■ Data to examine ■

^^^^^^^^^^^^^^^^

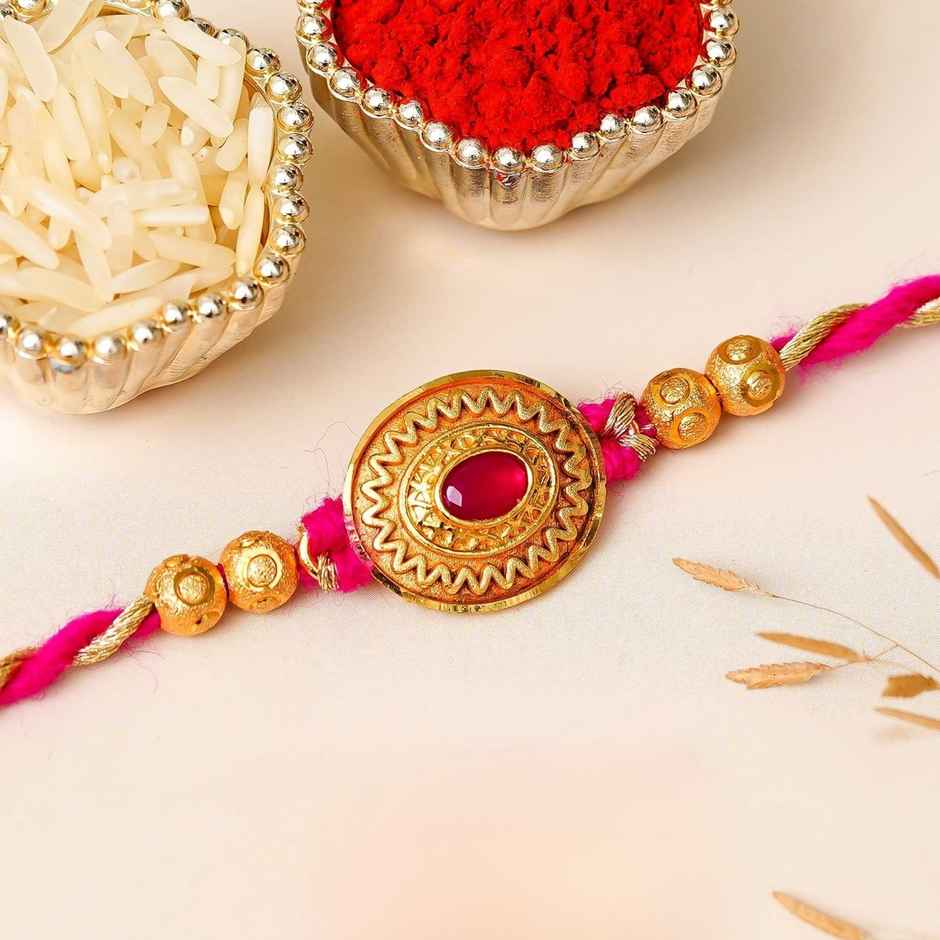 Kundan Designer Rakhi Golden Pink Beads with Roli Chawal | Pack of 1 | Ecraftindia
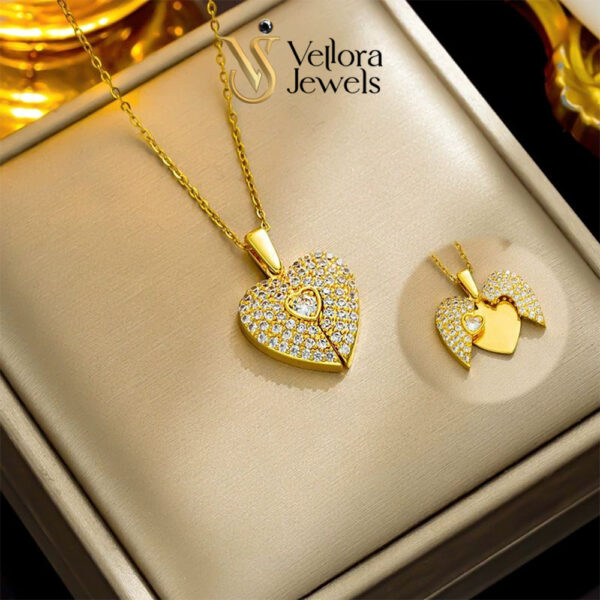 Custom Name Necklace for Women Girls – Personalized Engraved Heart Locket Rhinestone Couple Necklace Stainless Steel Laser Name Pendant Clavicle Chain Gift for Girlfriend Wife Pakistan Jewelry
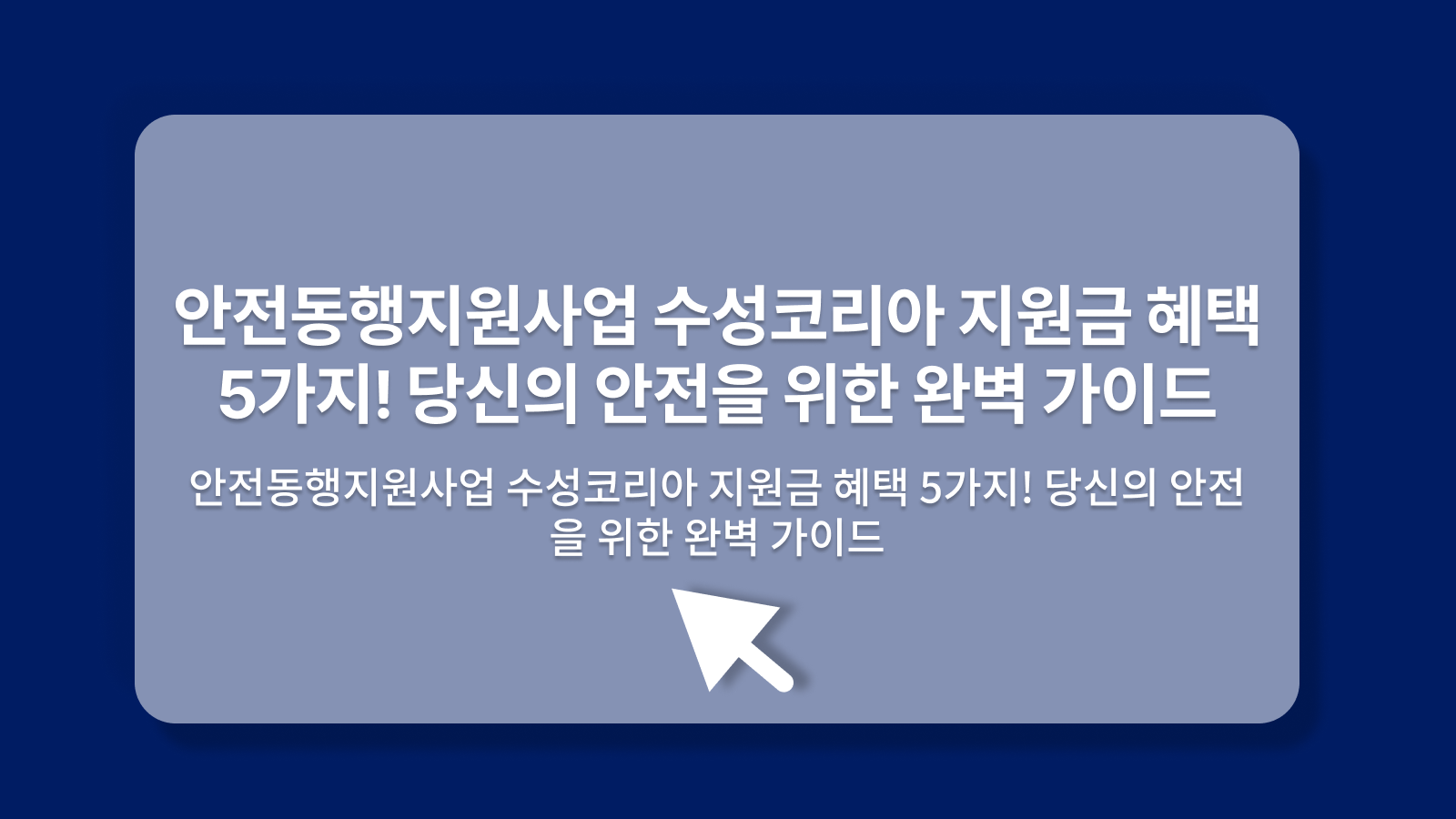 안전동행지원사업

^^^^^^^^^^^^^^^^

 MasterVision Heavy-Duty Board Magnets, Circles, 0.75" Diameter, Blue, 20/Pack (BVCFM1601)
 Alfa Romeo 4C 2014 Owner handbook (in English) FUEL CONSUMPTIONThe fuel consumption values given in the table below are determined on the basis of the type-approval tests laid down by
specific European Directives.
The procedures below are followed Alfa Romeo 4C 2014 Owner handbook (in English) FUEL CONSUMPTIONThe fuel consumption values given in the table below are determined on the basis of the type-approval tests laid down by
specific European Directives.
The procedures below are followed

^^^^^^^^^^^^^^^^

■ Task details ■
Gather each line in the entries above where the string "followed" is found.

■ Task result ■
The procedures below are followed Alfa Romeo 4C 2014 Owner handbook (in English) FUEL CONSUMPTIONThe fuel consumption values given in the table below are determined on the basis of the type-approval tests laid down by
The procedures below are followed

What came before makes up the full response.